2 高校最後の夏休み
高校最後の夏、受験勉強もいいが一日か二日だけでも息抜きにぱーっと遊ぼうということになった。地元の学生が通う偏差値もそれほど高くない高校。有名な偏差値の高い都市部の大学に行く者はおらず皆のんびり自分のペースで受験勉強したり、就職活動したりしていた。
高校三年の夏は一回しか来ないんだから遊ぼうぜ。そんな一言から始まった、思い出に残る遊びを思いっきり楽しもうという企画。仲のいい友人六人で一人一つの案を出しそれを全て全力で楽しむ。
遥は参加する気はなかったのだが、引っ込み思案の幼なじみである汐里が参加したいと言うので付き合いで参加することにした。

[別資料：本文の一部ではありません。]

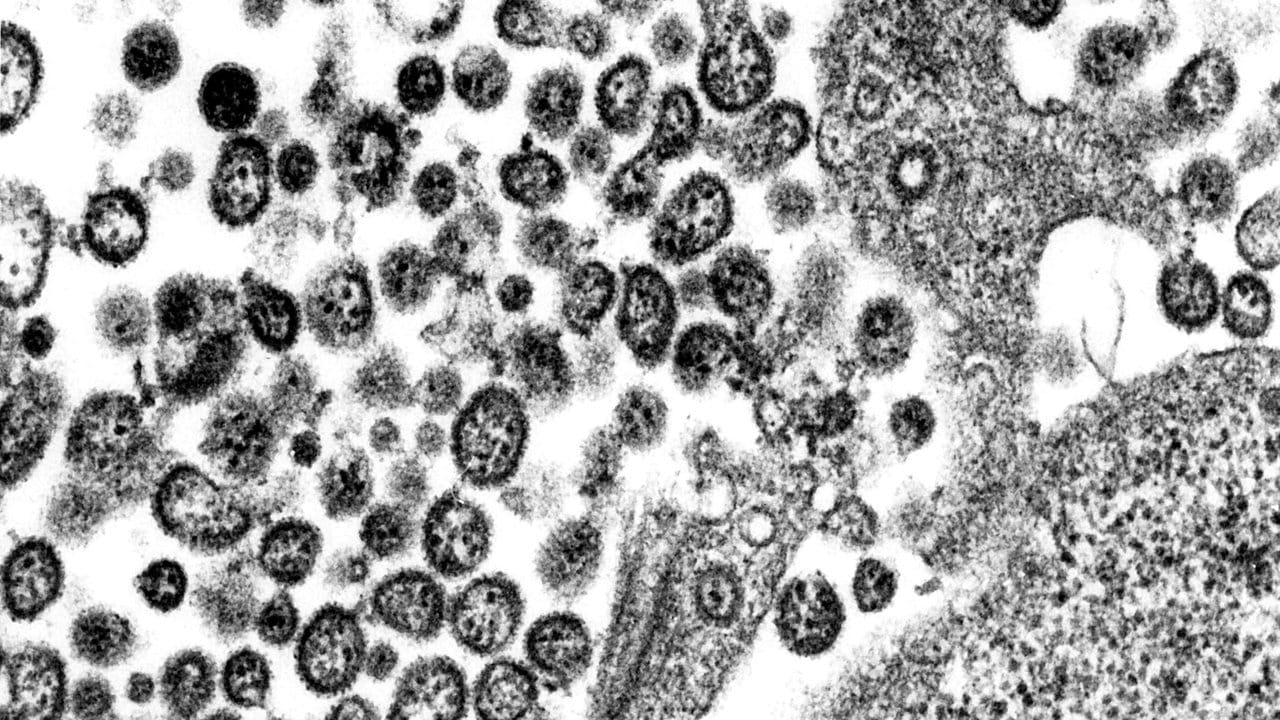 Lassa-Virus unter dem Elektronenmikroskop: In der globalisierten Welt von heute können sich Seuchen immer schneller verbreiten. Lassa-Virus unter dem Elektronenmikroskop: In der globalisierten Welt von heute können sich Seuchen immer schneller verbreiten.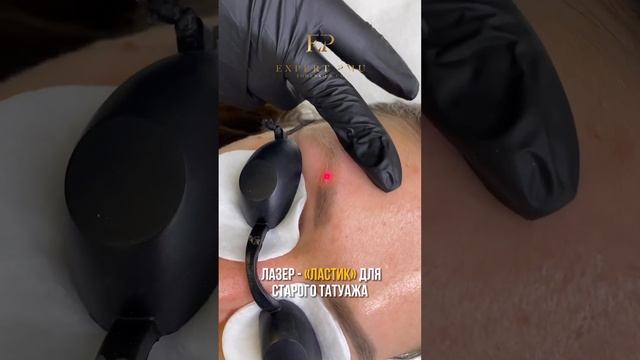 Удаляем старый татуаж навсегда?#лазерноеудаление #удаление #мастерудаления #удалениетатуажа смотреть онлайн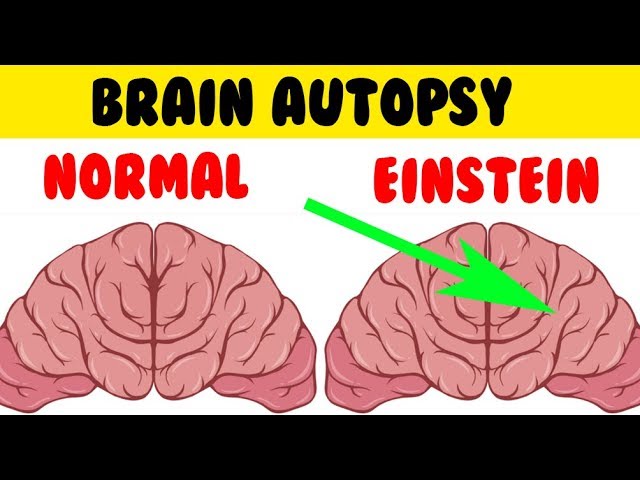 Einstein Brain Vs Normal Brain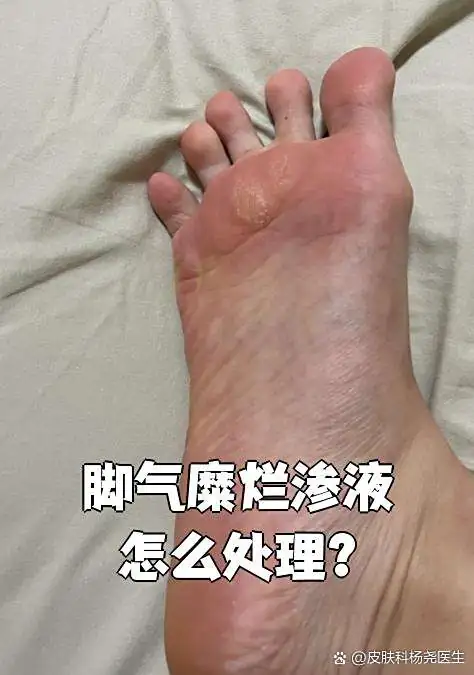 脚部糜烂渗液后快速收敛(图1) 脚部糜烂渗液后快速收敛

汐里は内向的な性格ではあるが、そんな自分の性格を変えたいと常々思っており、明るく社交的な友人たちの誘いには積極的に参加するようにしている。
反対に遥は言いたいことをはっきり言う性格だが、あまり皆でワイワイと楽しむような遊びには参加せず静かに過ごす方が好きだ。強い性格なのに静かに過ごすのが好きな遥、内向的なのにアクティブな汐里。なんかちぐはぐな二人だな、と周囲は笑っている。
付き合いとはいえなぜ遥が参加を決めたかと言うと汐里に頼み込まれたからだった。
「怖がりなんだから肝試しなんて行かなきゃいいのに、まったくもう」
呆れながらそう言うと汐里はしゅんとした様子だ。
「そうなんだけど……あの、戸部くんが参加するから」
ごにょごにょと消え入りそうな声で言ったその言葉に、遥は内心ため息をついた。戸部は汐里が片思いをしている相手だ。その戸部もまた好きな人がいて仲良しグループの中の女子、坂下恵麻なのだが、恵麻が今回の発案者であり戸部が参加するのはわかっていた。

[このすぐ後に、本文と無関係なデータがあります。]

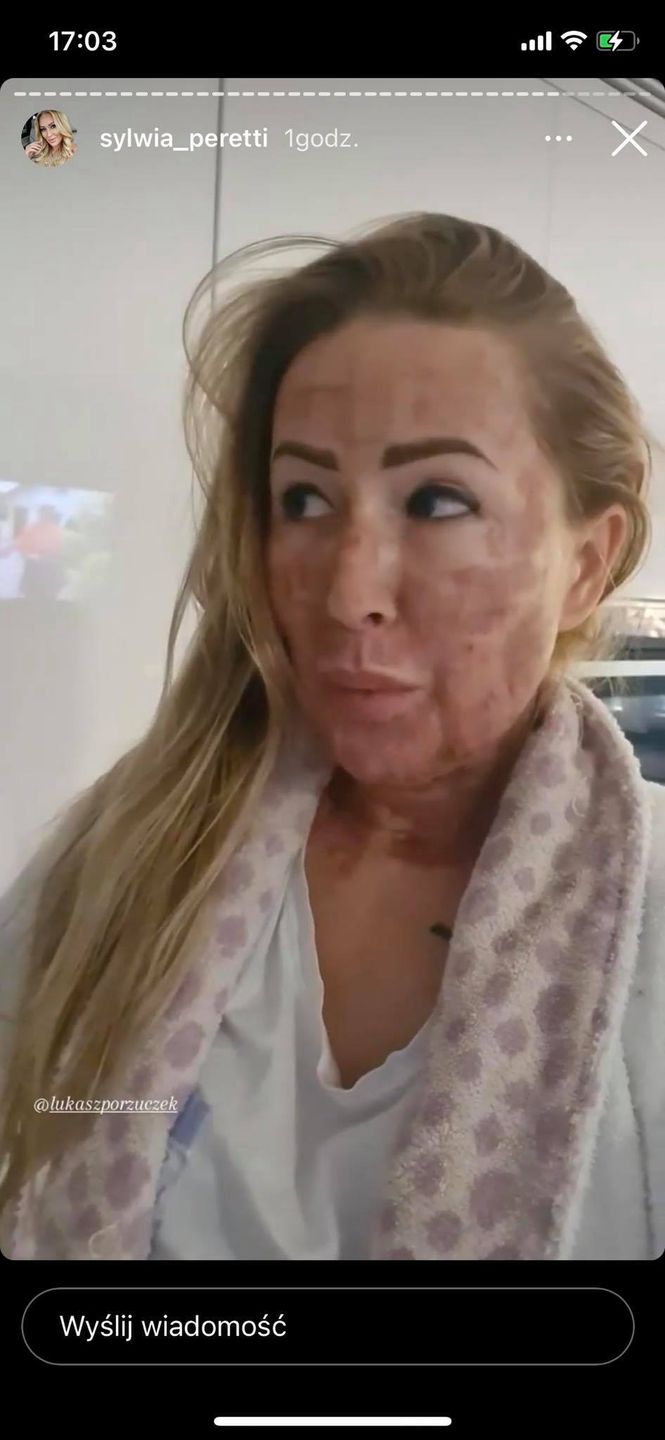Sylwia Peretti po zabiegu laserowym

遥は恋愛ごとには冷めていてたとえ友達であっても汐里の恋を応援するつもりはそれほどない。だが特別な理由でもない限りは協力できることをしてあげようと思っていた。今回も汐里は肝試しが本当は死ぬほど嫌いなはずだが、行かないという選択肢はなかったようだ。というよりも、戸部に誘われて速攻返事をしたんだろうなと思う。
「詳細は話されてないだろうけど、肝試しってどこに行くの」
「あ、なんかね、廃墟になった動物園があるんだって」
動物園、という言葉にわずかに遥は動きを止める。
「その動物園、オカルトスポットになってるみたいで」
「廃墟巡りが流行ってた時期もあったけど、瓦礫が崩れたり物が落ちて来たり大怪我した人がいたとかで、廃墟巡りを止めてくださいってネットで話題にならなかったっけ」
少しだけ声が冷たくなってしまった気がする。しかし日ごろからルールやマナー違反のものは、嫌なものは嫌、だめなものはだめだとはっきり言ってきた遥の言葉に汐里は何も違和感を覚えなかったようだ。
「そうなんだけど、ちょっと面白そうなんだ。夏休みの期間限定でイベント会社がそこでイベントとして肝試しをやってるの」
「へえ、そんなのあるんだ」
検索してみると確かにイベント会社によるホームページが立ち上がっている。